- **What needs to be done**
Would you transcribe the records below from the line with "6 Piece Garden" to the line with "Antilia Femme Floral", ends included, exactly and with nothing more, leaving the pictures out?

-------- Material for this task

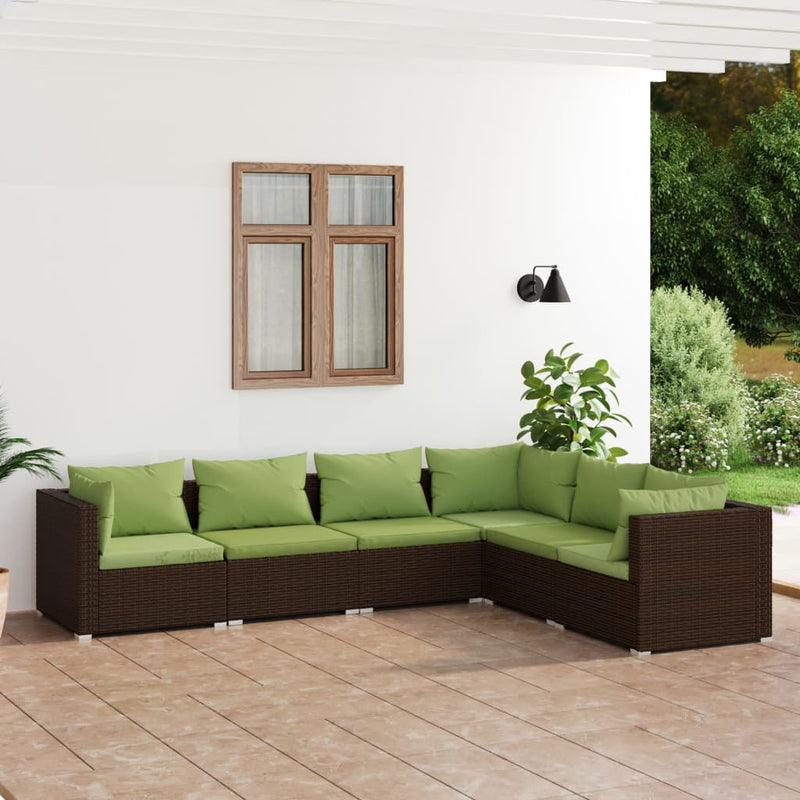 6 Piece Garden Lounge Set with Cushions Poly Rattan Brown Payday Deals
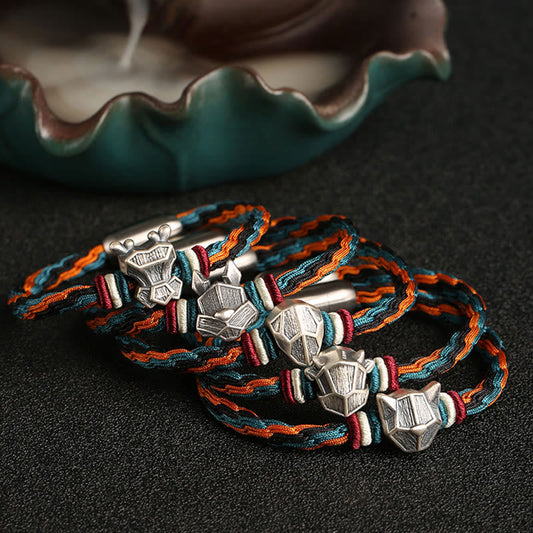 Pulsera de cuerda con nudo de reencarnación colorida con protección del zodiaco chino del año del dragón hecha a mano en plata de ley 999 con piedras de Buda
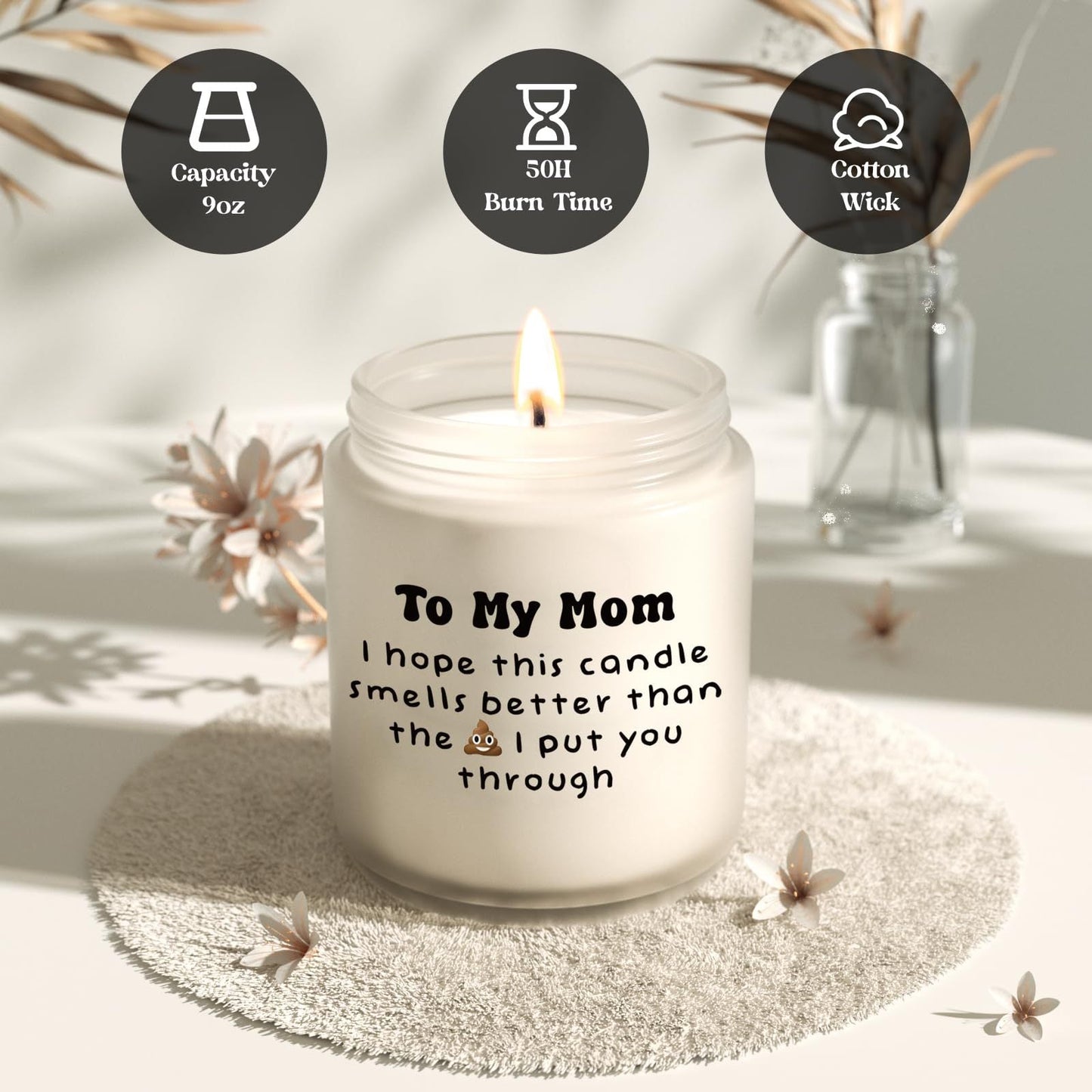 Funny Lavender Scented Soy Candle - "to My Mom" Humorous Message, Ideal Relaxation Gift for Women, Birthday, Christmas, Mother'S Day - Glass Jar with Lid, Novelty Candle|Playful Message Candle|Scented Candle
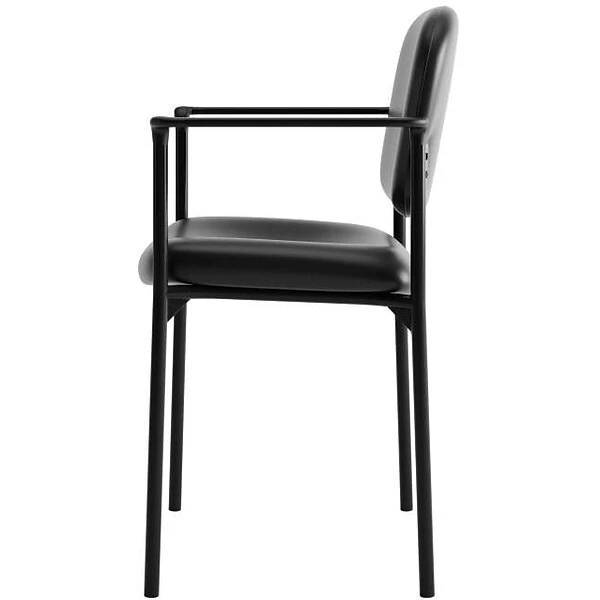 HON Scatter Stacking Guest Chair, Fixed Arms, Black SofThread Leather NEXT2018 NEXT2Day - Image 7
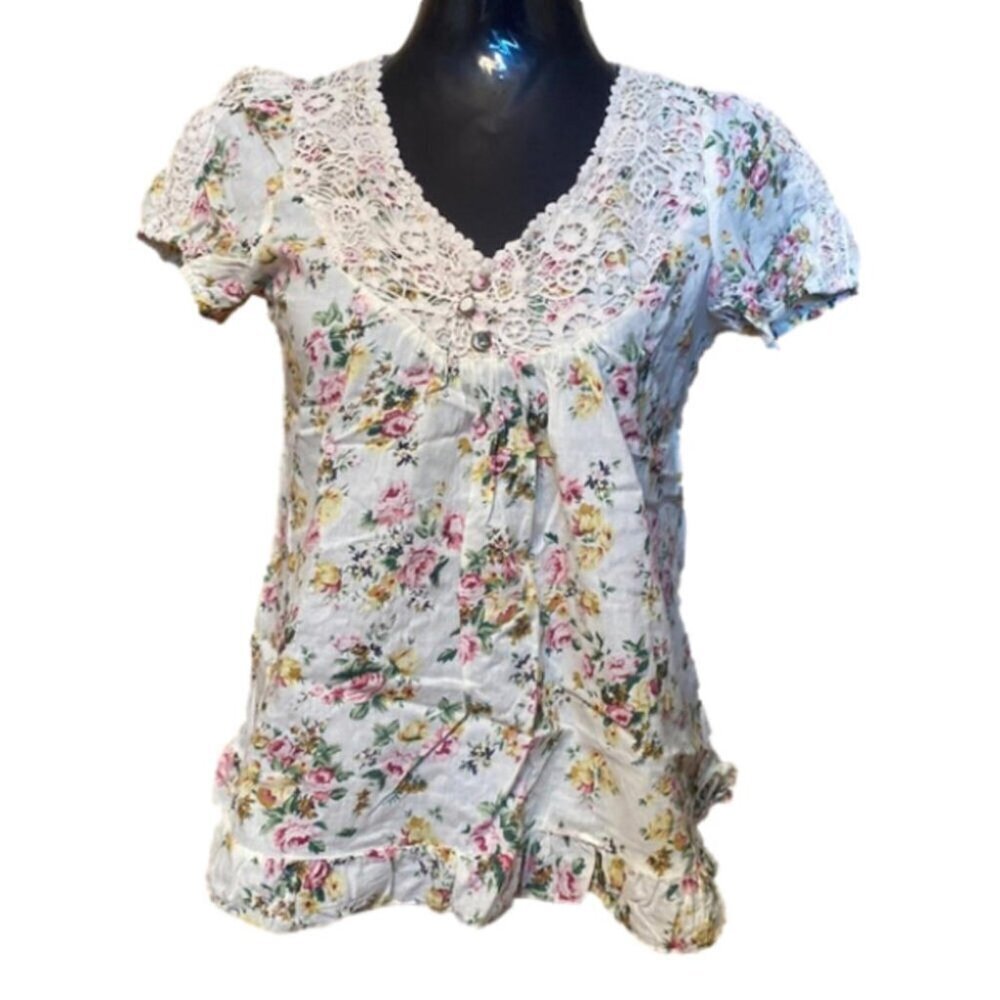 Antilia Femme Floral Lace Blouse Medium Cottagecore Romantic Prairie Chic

----------------
-------- Material for this task

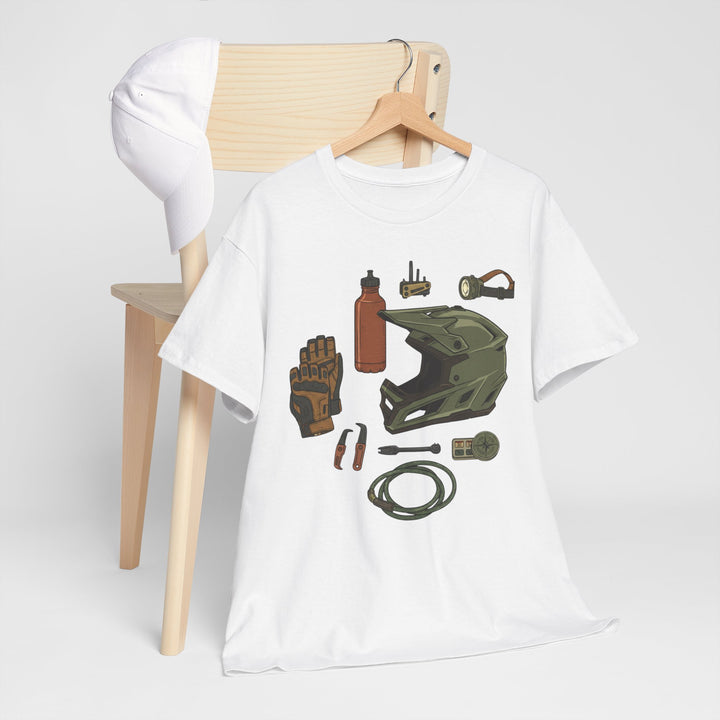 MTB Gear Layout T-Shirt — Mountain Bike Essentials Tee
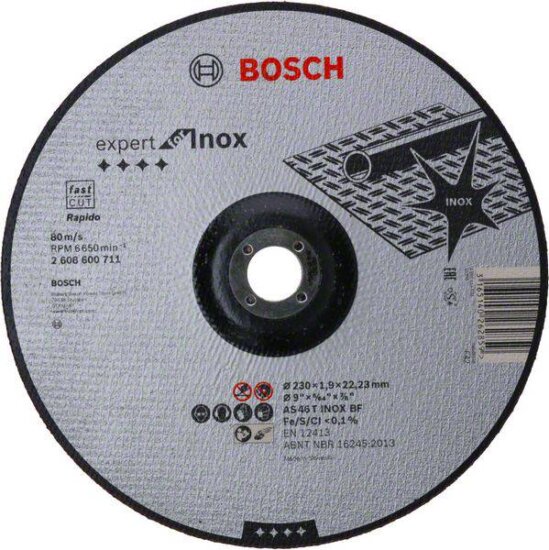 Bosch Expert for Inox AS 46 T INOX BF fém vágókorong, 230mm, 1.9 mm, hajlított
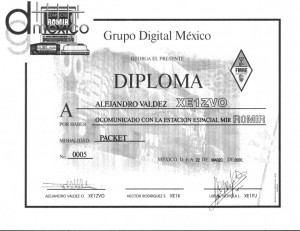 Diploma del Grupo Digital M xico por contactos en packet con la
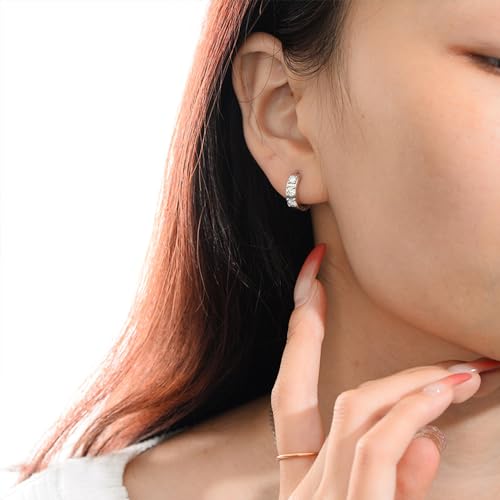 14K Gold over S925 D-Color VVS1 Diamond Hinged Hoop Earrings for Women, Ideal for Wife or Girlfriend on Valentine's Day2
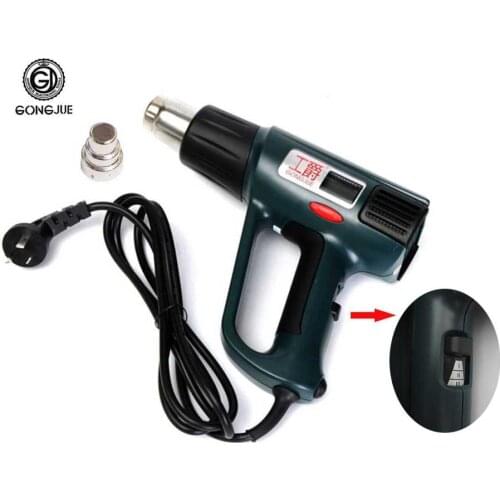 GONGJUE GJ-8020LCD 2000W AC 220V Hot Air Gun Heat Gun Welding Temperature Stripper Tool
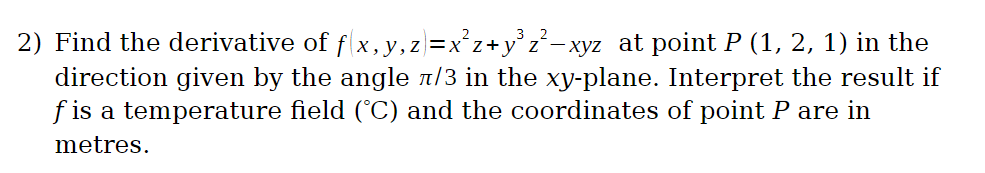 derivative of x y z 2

----------------

- **Written solution**
 6 Piece Garden Lounge Set with Cushions Poly Rattan Brown Payday Deals
 Pulsera de cuerda con nudo de reencarnación colorida con protección del zodiaco chino del año del dragón hecha a mano en plata de ley 999 con piedras de Buda
 Funny Lavender Scented Soy Candle - "to My Mom" Humorous Message, Ideal Relaxation Gift for Women, Birthday, Christmas, Mother'S Day - Glass Jar with Lid, Novelty Candle|Playful Message Candle|Scented Candle
 HON Scatter Stacking Guest Chair, Fixed Arms, Black SofThread Leather NEXT2018 NEXT2Day - Image 7
 Antilia Femme Floral Lace Blouse Medium Cottagecore Romantic Prairie Chic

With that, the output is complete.